A significant chunk of the Crenshaw Line runs in areas lacking existing rail right-of-ways, requiring the trains to run either in road medians, subway alignments, or on elevated structures. An International Standard developed by the International Organization for Standardization (ISO) provides definitions and specifications for steel fiber used to reinforce concrete structures, such as the concrete pillars used elevate the Crenshaw Line and other Los Angeles light rail lines over major intersections and other obstructions. ISO 13270:2013, Steel fibres for concrete - Definitions and specifications, applies to all types of concrete, including precast, sprayed, and repair concrete. The standard was developed by ISO Technical Committee (TC) 17, Steel, Subcommittee (SC) 17, Steel wire rod and wire products. American National Standards Institute (ANSI) member and audited designator ASTM International serves as the ANSI-approved U.S. Technical Advisory Group (TAG) Administrator to TC 17.
The Leimert Park portion of the Crenshaw Line will run through an underground tunnel. ANSI/ASSE A10.16-2009, Safety Requirements for Tunnels, Shafts, and Caissons American National Standard for Construction and Demolition Operations, assures the safety of tunnel construction activities, including environmental control, fire prevention, hoisting, and electrical and compressed air work. This American National Standard (ANS) was developed by ANSI member and accredited standards developer the American Society of Safety Engineers (ASSE).
In order to extend the Crenshaw Line as planned, some businesses may need to relocate and some buildings may be demolished. To assist with work of this sort, ANSI member and accredited standards developer the Acoustical Society of America (ASA) has developed an ANS - ANSI S12.17-1996 (R2006), Impulse Sound Propagation for Environmental Noise Assessment - that helps measure blast noises related to demolition and similar activities.
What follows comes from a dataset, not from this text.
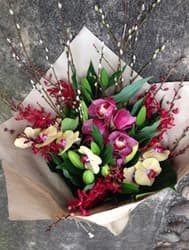 69607 Funky Elegant Flower Posy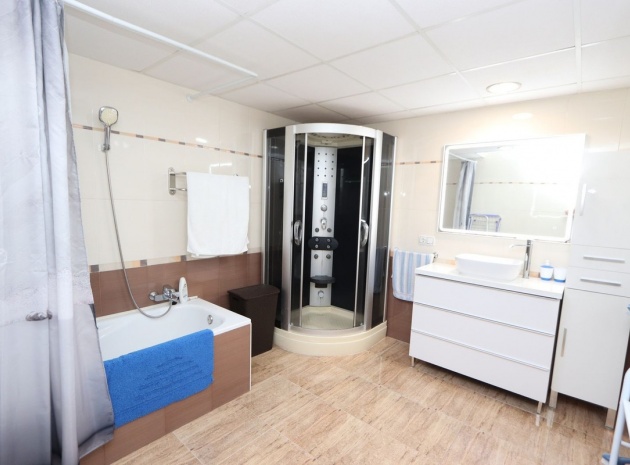 Resale - Villa - Orihuela - La Florida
For years local residents have complained about the lack of connectivity between LAX and the LACMTA's existing Green Line. As part of the Crenshaw Line construction, the Green Line will be extended one stop to access the Crenshaw Line's Aviation/Century station, which is scheduled to have direct access to an automated people mover transporting passengers and workers to LAX via an elevated guideway. IEC 62267 Ed. 1.0 b:2009, Railway applications - Automated urban guided transport (AUGT) - Safety requirements, provides high-level safety requirements associated with driverless urban transport systems, like the proposed LAX people-mover. The standard covers safety requirements associated with the lack of a driver, as well as requirements related to attendant staff. The standard was developed by International Electrotechnical Commission (IEC) TC 9, Electrical equipment and systems for railways. ANSI member and accredited standards developer IEEE's Standards Association serves as the United States National Committee (USNC)-approved TAG Administrator for IEC TC 9.
Despite its international reputation as a city obsessed with cars, Los Angeles has built the beginnings of a world-class rail network over the past 25 years. And with projects like the Crenshaw Line and the assistance provided by voluntary consensus standards, the city looks to be on the verge of a fundamental change in the way its residents get around.